» Input for this task

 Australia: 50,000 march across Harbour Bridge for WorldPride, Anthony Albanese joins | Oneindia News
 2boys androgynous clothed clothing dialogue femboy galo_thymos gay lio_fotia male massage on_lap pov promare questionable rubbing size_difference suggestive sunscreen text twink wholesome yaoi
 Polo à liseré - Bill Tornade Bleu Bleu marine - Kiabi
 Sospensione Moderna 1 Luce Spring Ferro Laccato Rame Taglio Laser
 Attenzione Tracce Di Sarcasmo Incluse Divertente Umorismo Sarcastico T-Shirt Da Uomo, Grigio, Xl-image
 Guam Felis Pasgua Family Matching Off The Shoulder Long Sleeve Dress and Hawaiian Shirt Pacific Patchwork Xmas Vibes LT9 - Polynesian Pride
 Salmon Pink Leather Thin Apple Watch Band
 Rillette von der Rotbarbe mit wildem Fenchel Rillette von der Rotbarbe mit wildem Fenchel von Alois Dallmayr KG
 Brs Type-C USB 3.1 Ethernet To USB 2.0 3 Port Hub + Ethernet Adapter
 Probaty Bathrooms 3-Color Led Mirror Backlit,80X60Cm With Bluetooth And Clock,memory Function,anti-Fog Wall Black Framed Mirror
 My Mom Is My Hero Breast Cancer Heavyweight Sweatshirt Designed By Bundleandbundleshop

==

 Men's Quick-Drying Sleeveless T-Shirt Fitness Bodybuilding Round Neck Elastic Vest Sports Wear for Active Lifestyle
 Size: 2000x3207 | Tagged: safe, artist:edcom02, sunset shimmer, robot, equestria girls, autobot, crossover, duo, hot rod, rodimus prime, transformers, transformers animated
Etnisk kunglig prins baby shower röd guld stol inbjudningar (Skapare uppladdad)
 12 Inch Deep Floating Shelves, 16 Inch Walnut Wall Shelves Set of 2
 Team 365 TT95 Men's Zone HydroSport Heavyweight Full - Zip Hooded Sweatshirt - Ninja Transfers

==

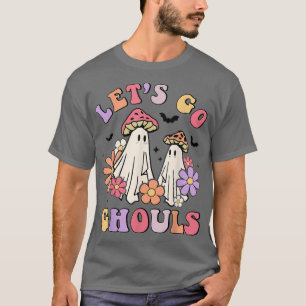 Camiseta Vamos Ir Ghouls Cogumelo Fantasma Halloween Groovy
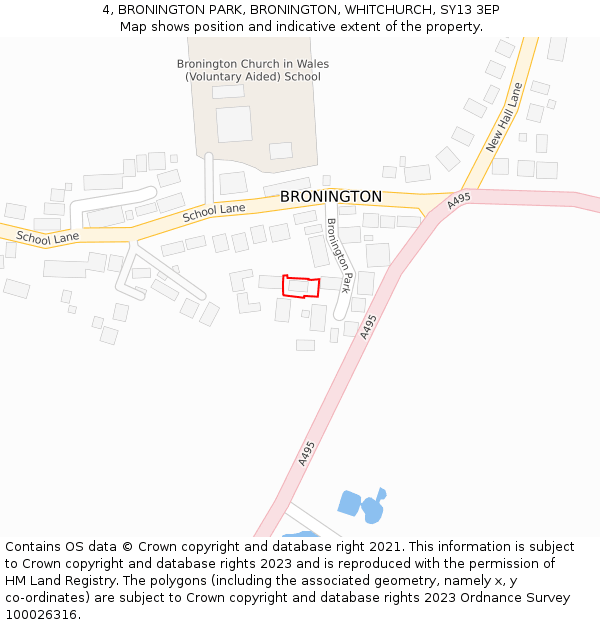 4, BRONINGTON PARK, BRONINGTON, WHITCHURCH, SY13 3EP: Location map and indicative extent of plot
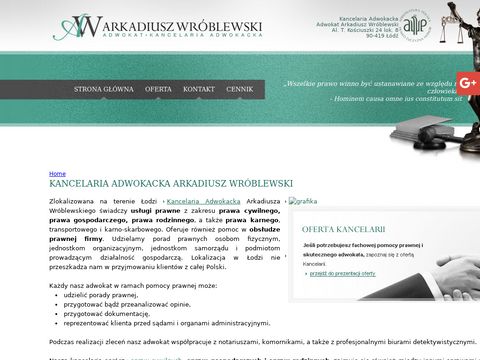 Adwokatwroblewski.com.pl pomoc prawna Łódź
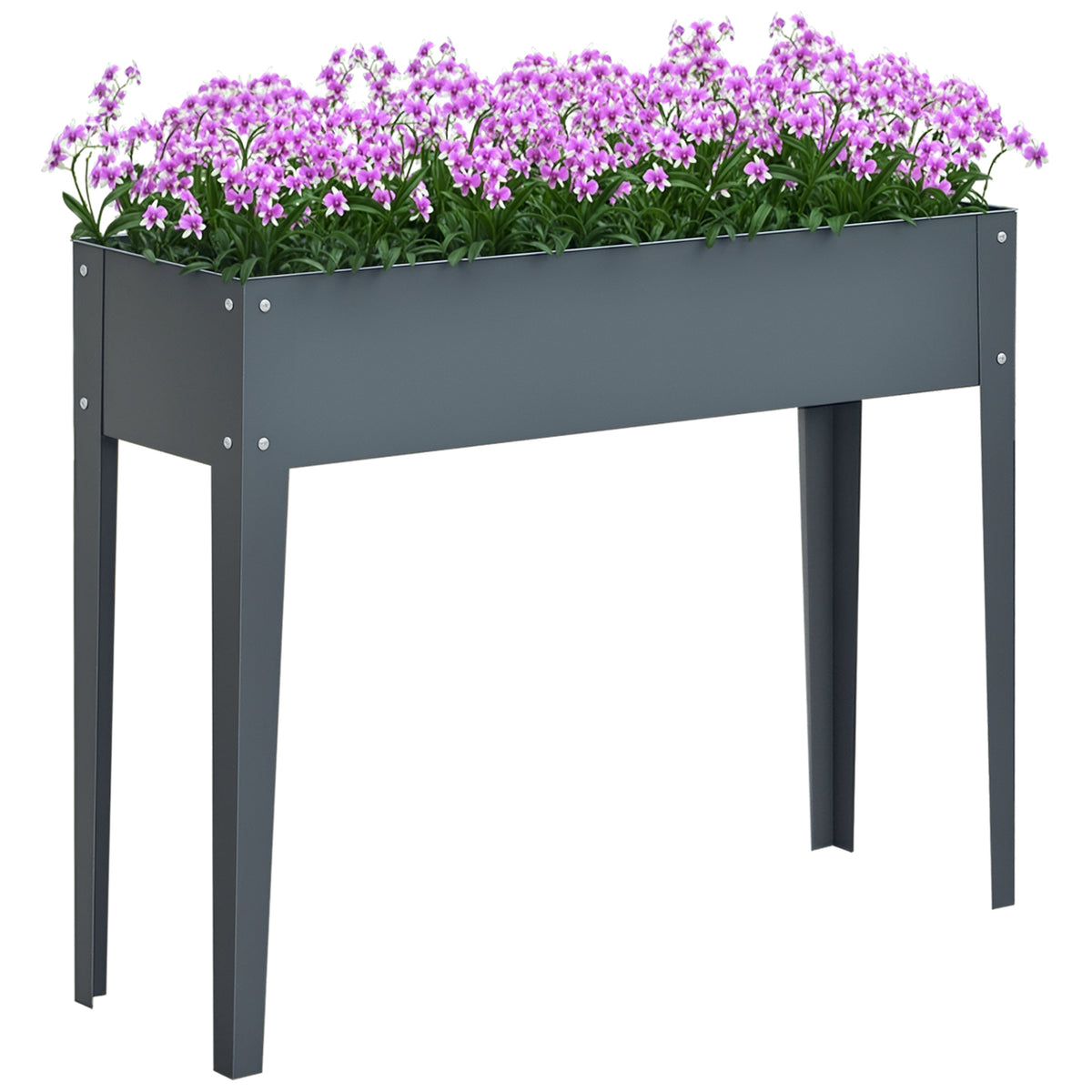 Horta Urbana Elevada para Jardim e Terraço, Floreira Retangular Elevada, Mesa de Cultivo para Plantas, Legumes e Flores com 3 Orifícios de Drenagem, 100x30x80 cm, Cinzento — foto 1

» What is expected
Looking at the data above, write out exactly the lines that start at the one containing "Guam Felis Pasgua" and end at the one containing "My Mom Is My"; include both and nothing beyond.

» Solution to the exercise
 Guam Felis Pasgua Family Matching Off The Shoulder Long Sleeve Dress and Hawaiian Shirt Pacific Patchwork Xmas Vibes LT9 - Polynesian Pride
 Salmon Pink Leather Thin Apple Watch Band
 Rillette von der Rotbarbe mit wildem Fenchel Rillette von der Rotbarbe mit wildem Fenchel von Alois Dallmayr KG
 Brs Type-C USB 3.1 Ethernet To USB 2.0 3 Port Hub + Ethernet Adapter
 Probaty Bathrooms 3-Color Led Mirror Backlit,80X60Cm With Bluetooth And Clock,memory Function,anti-Fog Wall Black Framed Mirror
 My Mom Is My Hero Breast Cancer Heavyweight Sweatshirt Designed By Bundleandbundleshop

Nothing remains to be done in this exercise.